IFC Films                                Dev Patel plays a kidnapper on a mission in Pakistan and India in Michael Winterbottom’s “The Wedding Guest.”

IFC Films Dev Patel plays a kidnapper on a mission in Pakistan and India in Michael Winterbottom’s “The Wedding Guest.”

‘The Wedding Guest’ gives Dev Patel a change-of-pace role

He plays a man hired to kidnap a bride in this thriller directed by Michael Winterbottom.

  • By Michael O’Sullivan The Washington Post
  • Thursday, March 14, 2019 1:30am
  • Life

By Michael O’Sullivan / The Washington Post

It’s a while before we learn anything, even a name, about the title character in “The Wedding Guest.” Played by Dev Patel, who delivers an unexpectedly stoic lead performance, he is a man of deep professionalism and equally deep mystery.

Jay, as we eventually come to know him, has multiple passports, each of which uses a different name, and all of which he has carefully packed in his luggage as he prepares, methodically, to fly from London to Lahore, Pakistan.
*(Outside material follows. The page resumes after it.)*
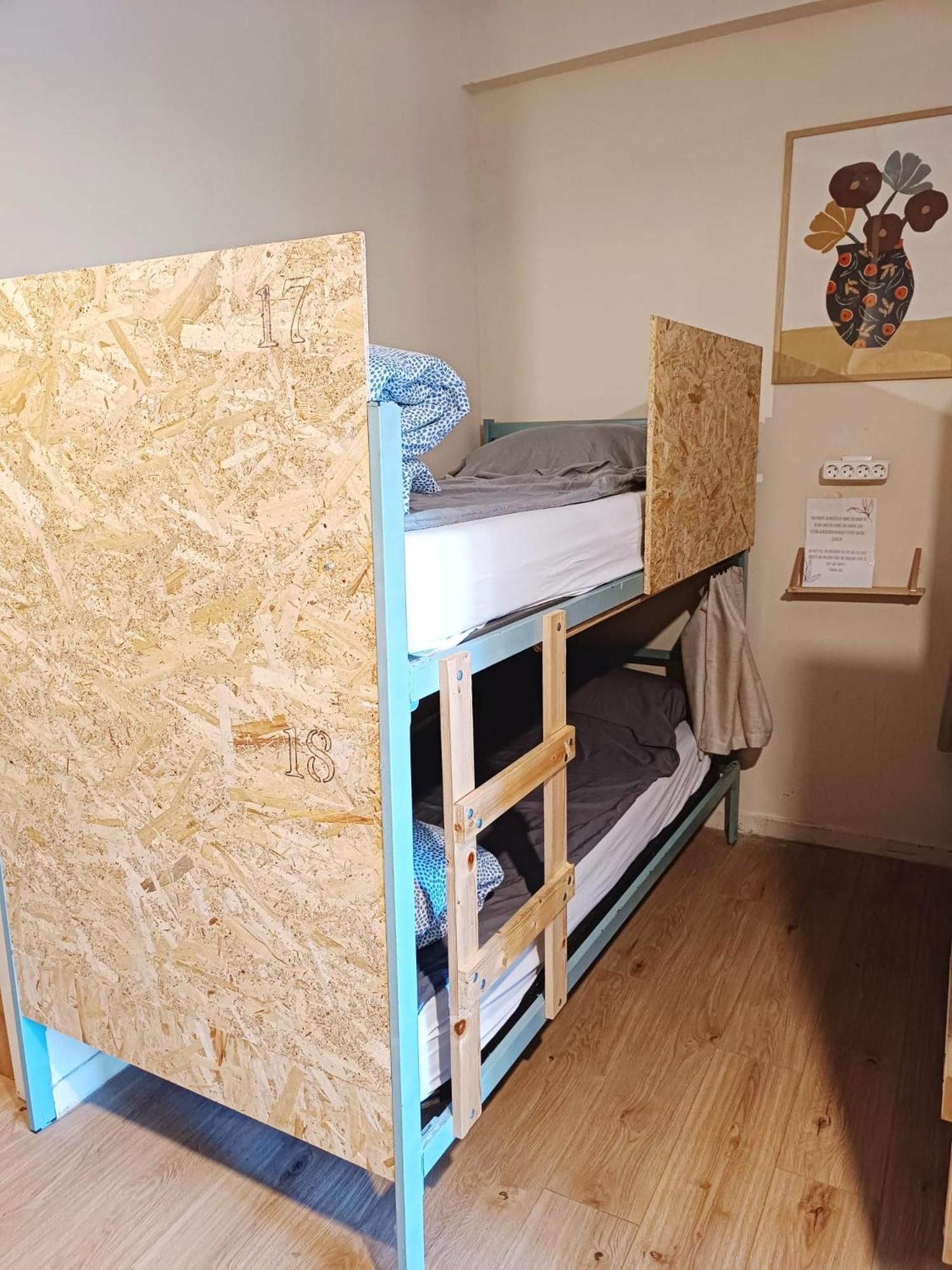 Hostel Nomada Сан-Вісенте-де-ла-Баркера Екстер'єр фото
Upon arrival, he embarks on a road trip west, ultimately ending up in a small town called Younganabad. Along the way, Jay picks up a couple of guns and some heavy-duty duct tape.
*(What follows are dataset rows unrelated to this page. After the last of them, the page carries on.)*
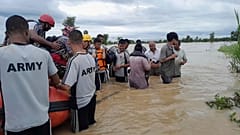 أفراد من الجيش النيبالي ينقلون الناجين بعد الفيضانات في منطقة جابا شرق نيبال، الأحد 5 أكتوبر/ تشرين الأول 2025.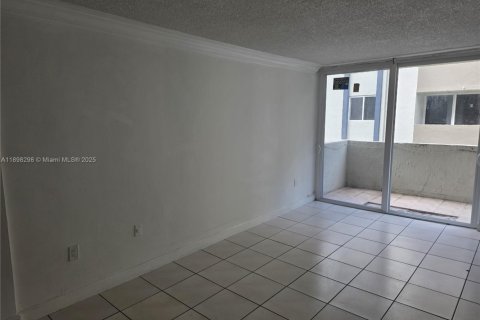 Снять в аренду квартиру в Хайалиа Гарденс, Флорида 3 спальни, 118.91м2, № 1952585 - фото 6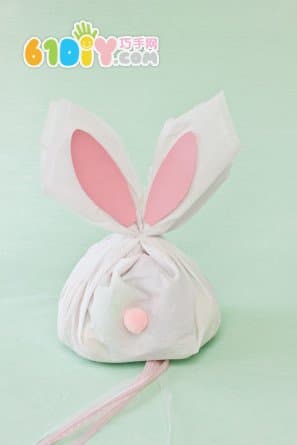 复活节DIY纸巾兔子挂饰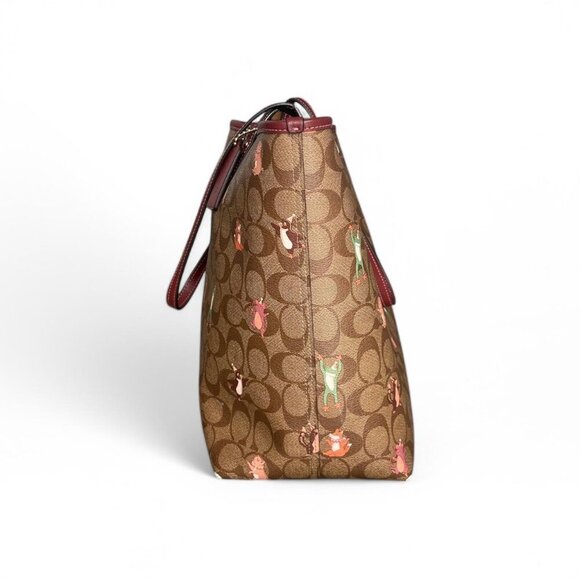 Coach Reversible City Tote In Signature Canvas with Party Animal Print #F80246 - Picture 4 of 8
Despite a title that sounds like a rom-com, “The Wedding Guest” initially gives the impression that it is a conventional thriller. Jay manages to abduct a bride-to-be, Samira (Radhika Apte) — at gunpoint — from her well-to-do family’s compound on the eve of her own wedding. But then things get really weird — and a lot more interesting.

Jay has been hired by Samira’s lover, Deepesh (Jim Sarbh), to save her from an arranged marriage. But what happens between the kidnapping and the reunion of Deepesh and Samira is a satisfyingly unpredictable meditation on female agency, in a culture in which women are too often treated as a man’s possessions.

Writer-director Michael Winterbottom (“The Trip to Spain”) is a shape-shifting filmmaker, and he continues that mutable pattern here, giving Patel the kind of role we’re not used to seeing him in. Jay is not exactly a hero, although he has a kind of honor. Nor is he the film’s antihero. For one thing, he’s a coldblooded killer. For another, the film belongs just as much to Apte, whose complex, contradictory character makes a great case for the argument that the film is misnamed for another reason. It’s her story, not his. In truth, it’s both of theirs, but not in the way you might think.

A lesser storyteller would have brought Jay and Samira together, pursuing the love-on-the-lam narrative. And for a while, “The Wedding Guest” looks as though that’s where it’s going. On the run from the police and her family, as they wait to coordinate a meeting with Deepesh, the kidnapper and his hostage briefly become something more than that.

And then — well, saying more would spoil the pleasure of the film, which surprises, in small ways, at every turn. Samira, like Jay, is no saint. Deepesh calls her a “snake” at one point, but he misses the point. She’s not treacherous because she defies his — and our — expectations. She’s simply human.

“The Wedding Guest” (3 stars)

In a change-of-pace role, Dev Patel plays a mysterious (and lethal) British man on a mission in Pakistan and India — he’s hired to save a woman from an arranged marriage to a man she doesn’t love. Despite the romcom-sounding title, this is a thriller, ably directed by Michael Winterbottom.

Rating: R, for strong language, some violence and brief nudity.